In 1921, New York University Economics lecturer
and special agent of the US Bureau of Labor
Statistics Rajani Das toured British Columbia and
observed that South Asian workers were sympathetic
to the labour movement’s goals.
“Those who work for American or Canadian
employers… find difficulty in getting into trade
unions owing to racial prejudice. Hindustanees
have great sympathy for the labor movement and
highly appreciate its aims and ideals. Moreover,
they are willing to cooperate with labor organizations
whenever possible.” 4
One Big Union
A major shift in attitudes within the labour
movement was driven by increased ideological
awareness and global events like World War I and
the Russian Revolution of 1917. In 1918 in the
wake of the war, working class anger at eroding
wages, unemployment and wartime profiteering
resulted in high union membership and a determination
amongst labour to forge a radical new
path.
In March 1919 the BC Federation of Labor
abandoned its long demand for Asian exclusion.
The One Big Union (OBU), created in 1919 by the
Federation, embraced direct action and the use of
general strikes to end political repression and win
breakthrough measures such as the 8-hour day.
Delegates to the 1919 BC Federation of Labour
Convention declared “this body recognizes no
aliens but the capitalist”. 5
“The organized White workers in the past
have been recreant in their duty with respect to
organizing the Asiatic workers; they have allowed
the virus of race prejudice to poison their mind…

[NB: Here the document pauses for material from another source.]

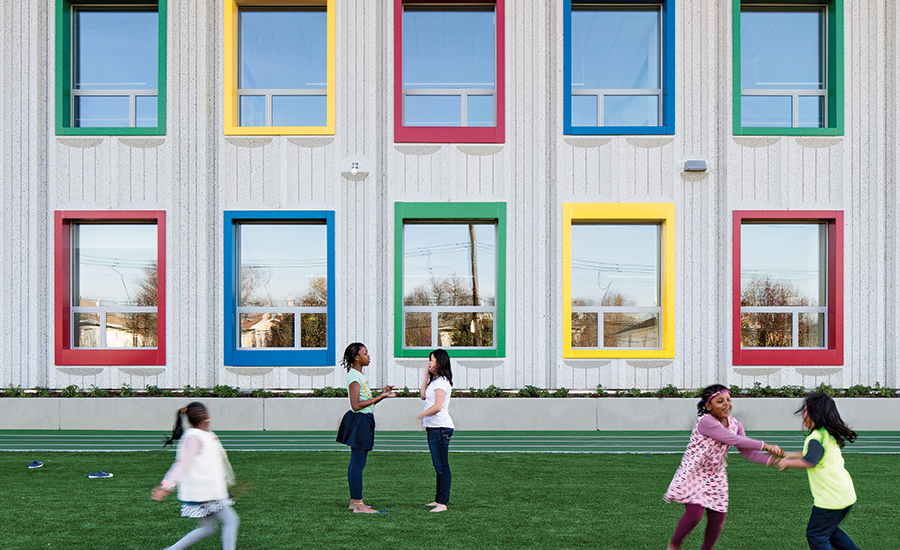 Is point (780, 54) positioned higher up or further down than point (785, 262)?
higher up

it is a class problem, and not a race problem
that confronts the White millworker of BC. The
Asiatic workers are just as keen in trying to get
good wages and working conditions as the White
workers, in fact in some cases, more so.” 6
The OBU’s platform echoed many principles
which propelled the IWW to prominence a decade
earlier. Chief among those was its anti-racist
views which appealed to South Asian radicals.
The preamble to the OBU’s constitution stated,
“the OBU therefore seeks to organize the worker
not according to industry; according to class and
class needs; and calls upon all workers irrespective
of nationality, sex or craft to organize into a
workers’ organization so that they may be enabled
3 “Organization of Mill Workers is Completed”, The British Columbia Federationist, August 24, 1917, 1.
4 Rajani Kanta Das, Hindustani Workers on the Pacific Coast, 34.
5 Rod Mickleburgh, On the Line, 65.
6 A Millworker, “Should Asiatics Be Allowed in White Unions”, The British Columbia Federationist, September 17, 1920, 7.